American Imperialism

I threw up figurative hands reading Joshua Sooter's THE BEST CLASSROOM IS THE STRUGGLE:

When I ask students to define what an empire is, they typically picture Rome or the British Empire, not the United States. Imperialism, expansion, and colonialism have been integral to every period of America’s existence, including the present. Much of my work as a historian and an educator focuses on conveying and exploring this fact. Every year, however, I witness students struggling to internalize it.

Used to be I had this idea:  that what I saw as reality being not shared by people whom I knew meant I was out of touch with reality. Except time and events often enough proved me right. Not that this profited me any. Alienation and frustration fed my self-destructive ideas. 

Now, I think differently. Americans are undereducated idiots.

I read Dee Brown's Bury My Heart at Wounded Knee on my own during high school. Yet modern American college students cannot see how alike we are with King Leopold's Congo?

Some deny it completely or make comforting historical comparisons. “At least we aren’t like the Nazis or the Belgians in the Congo,” a student told me during class. Generally, the responses—and this is particularly true of white American students—are powerfully emotive. Their cultural memory tends to place them on the side of empire’s agents. The idea is threatening to their very egos, their identities, and their ways of relating to the world....

About the same time as I read Dee Brown, I read John Toland's Adolf Hitler. Toland pointed out how the Nazis drew upon American genocide and American eugenics for the Holocaust.

Jimmy Carter pointed out our wrongs towards Central America. The Clash recorded Sandanista!. I read on my own William James' essay protesting the imperialism post-1898. All of that happened while I was in high school and starting college.

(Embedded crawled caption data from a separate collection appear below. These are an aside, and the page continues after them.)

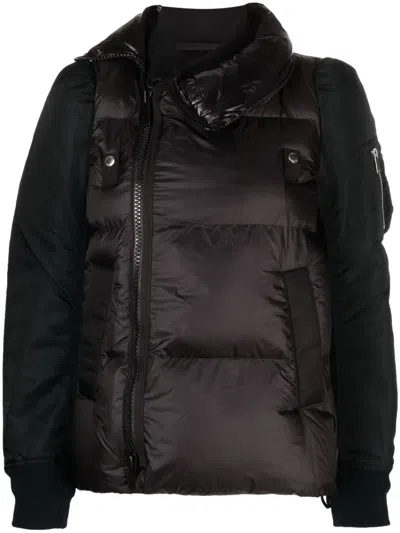 Sacai Zip-up Puffer Jacket In Black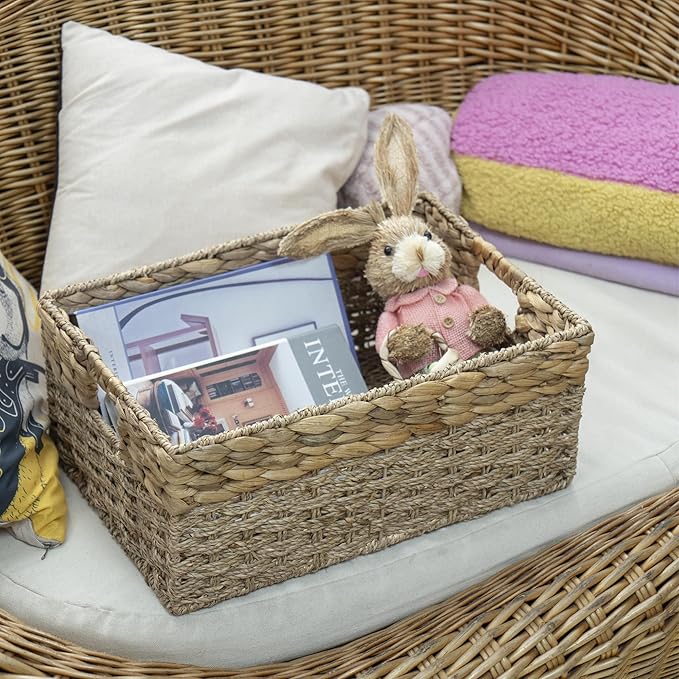 Handmade Water Hyacinth Storage Basket, Woven Basket Organizer with Inner Handles for Home & Office Decor (Medium)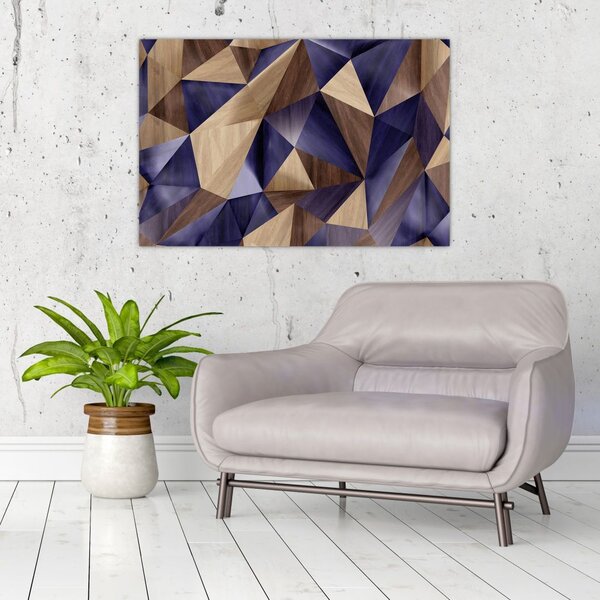 Slika - 3D leseni trikotniki (90x60 cm)
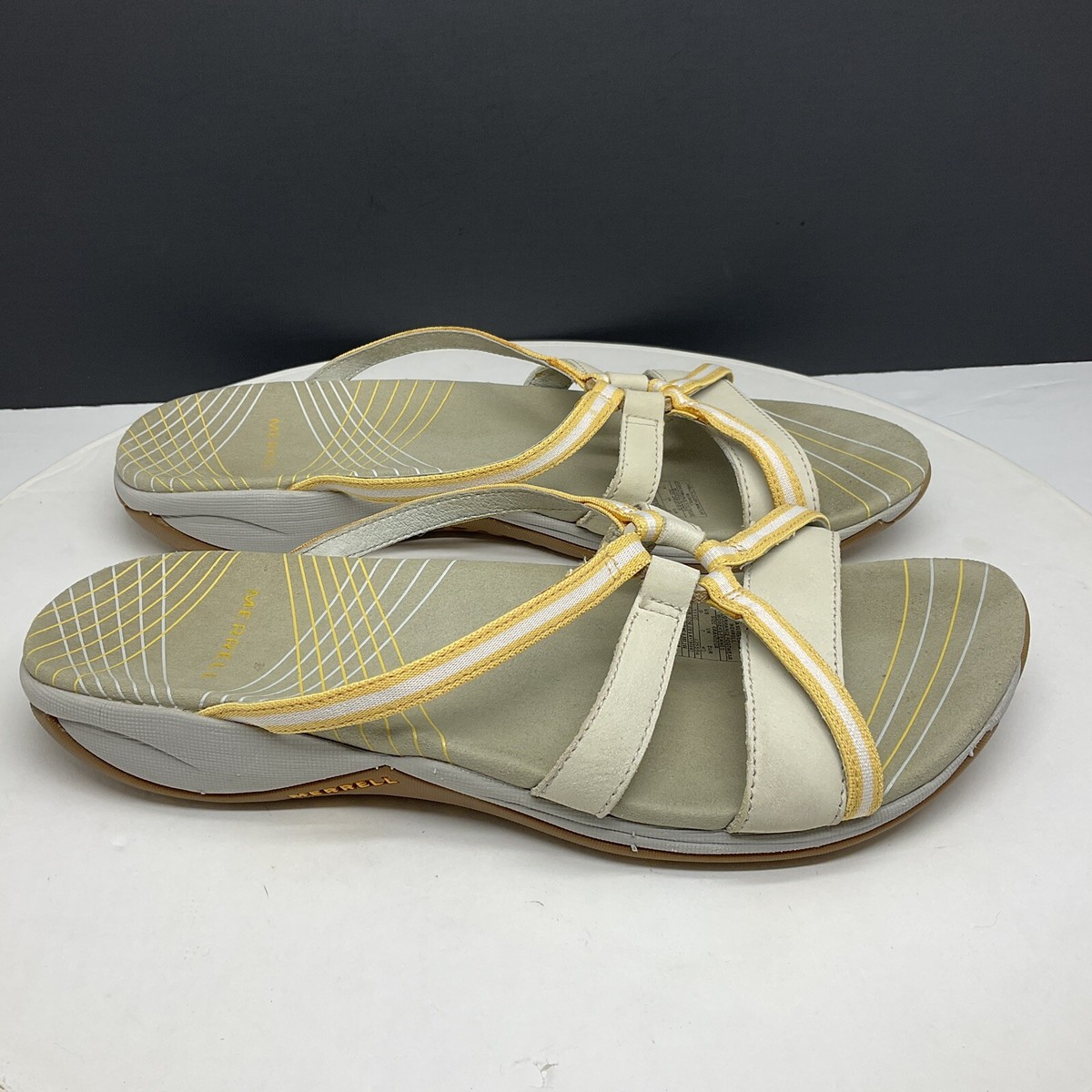Merrell Camellia Sport Sandals Womens Size Silver Yellow Strappy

Before that I saw the Vietnam War on tv.

The writer's conclusion may answer my own question:

It turns out, then, that I had been pushing in the wrong direction. It is through collective, direct action—led by those who have been most harmed by American empire—that the country’s past can be raised to the surface and confronted. Studying and reading books that provide the language and analytical frameworks necessary to recognize and describe America’s empire has merit, and I would like to think that the hard work of teachers and scholars helped to make the 2020 protests possible. However, although I still plan to teach and write, I’m going to remember that the streets are the best classroom.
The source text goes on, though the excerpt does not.